**Goal of the exercise**
Copy out every line of the data exactly; do not include the images.
+++ Entries supplied
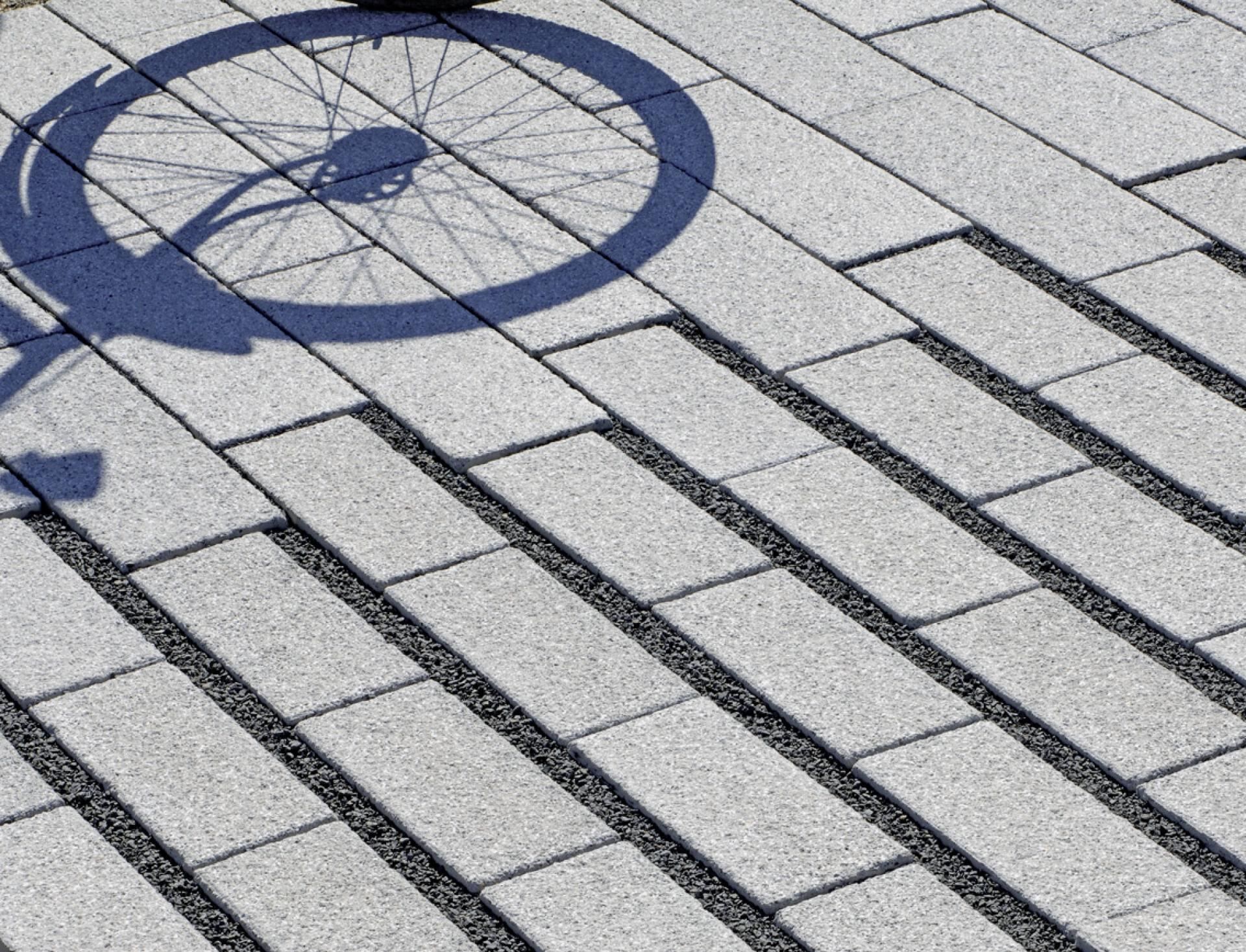 BRA0arcado_laengsfugenrasenstein1770736809bobbie ARCADO Längsrasenfugenstein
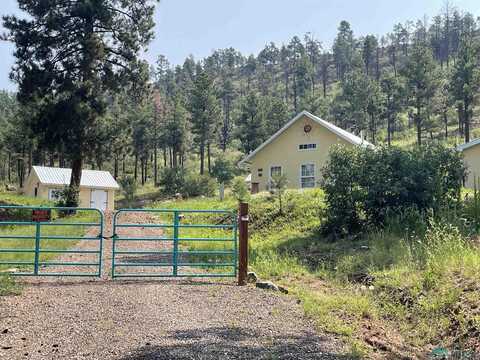 22 Pine Tree Road, Buena Vista, NM 87712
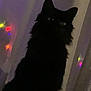 cat, black_cat, pet, animal, indoor, night, dark, silhouette, feline, fur, ears, eyes, mystery, shadow, quiet, curtain, window, colorful_lights, blur, cozy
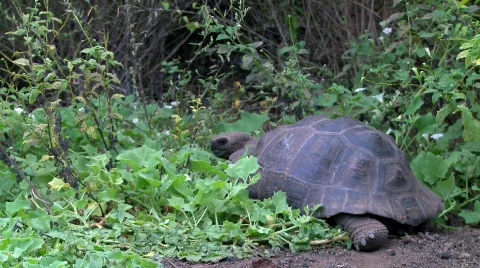 Giant tortoise zoom in Stock Footage 758230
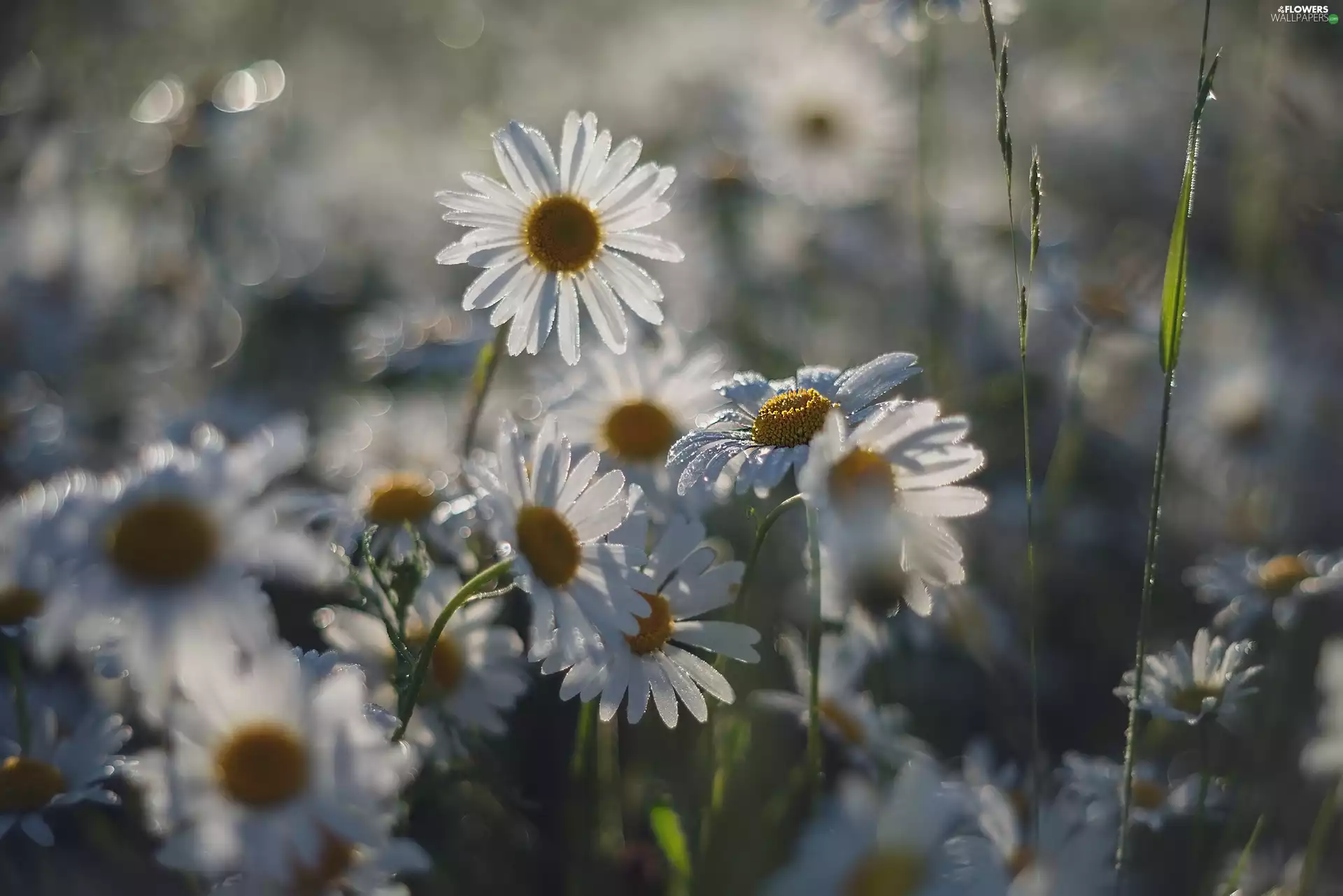 blur, Flowers, camomiles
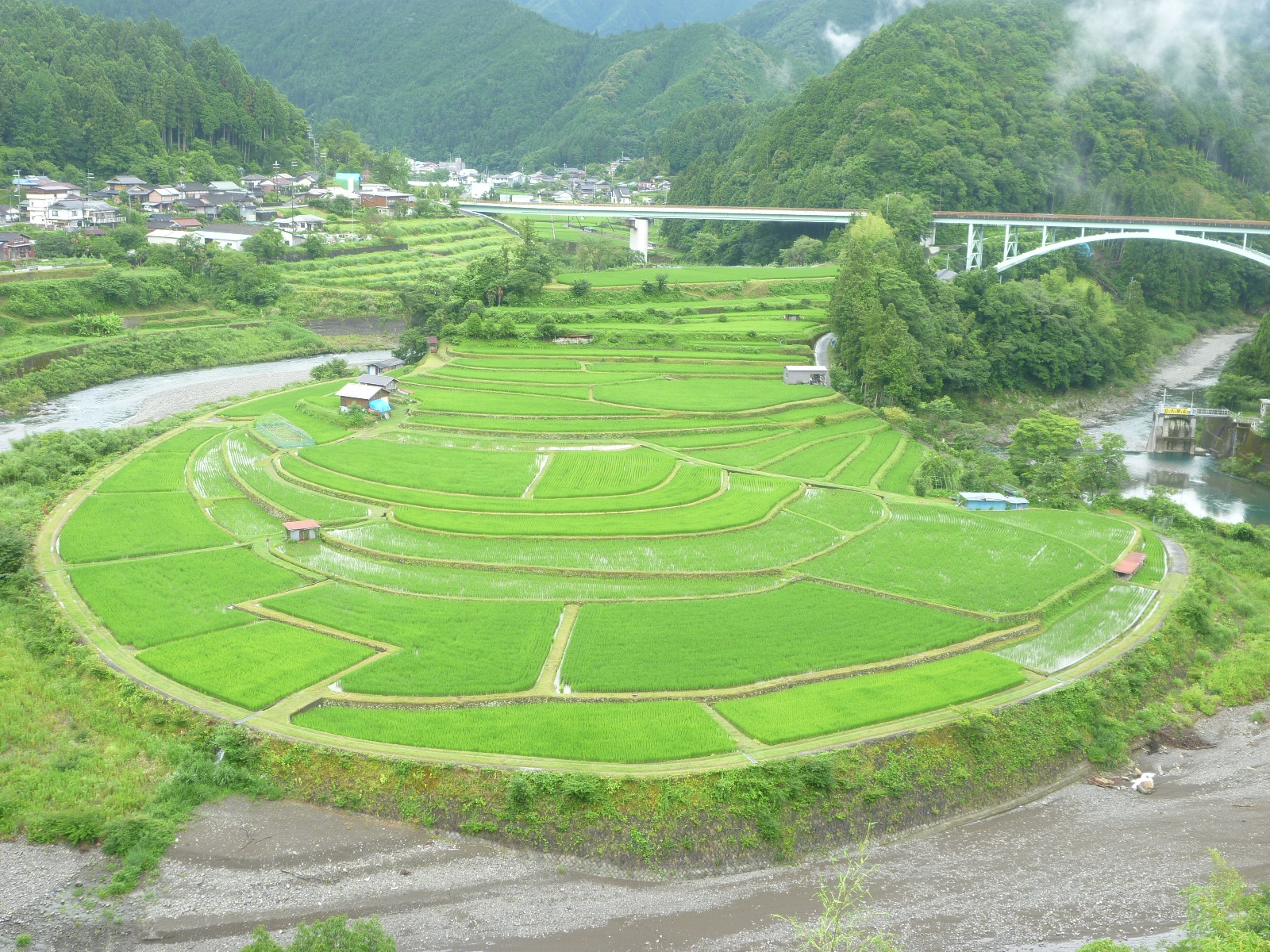 2019年7月11日撮影のあらぎ島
++++++
**Task result**
 BRA0arcado_laengsfugenrasenstein1770736809bobbie ARCADO Längsrasenfugenstein
 22 Pine Tree Road, Buena Vista, NM 87712
 cat, black_cat, pet, animal, indoor, night, dark, silhouette, feline, fur, ears, eyes, mystery, shadow, quiet, curtain, window, colorful_lights, blur, cozy
 Giant tortoise zoom in Stock Footage 758230
 blur, Flowers, camomiles
 2019年7月11日撮影のあらぎ島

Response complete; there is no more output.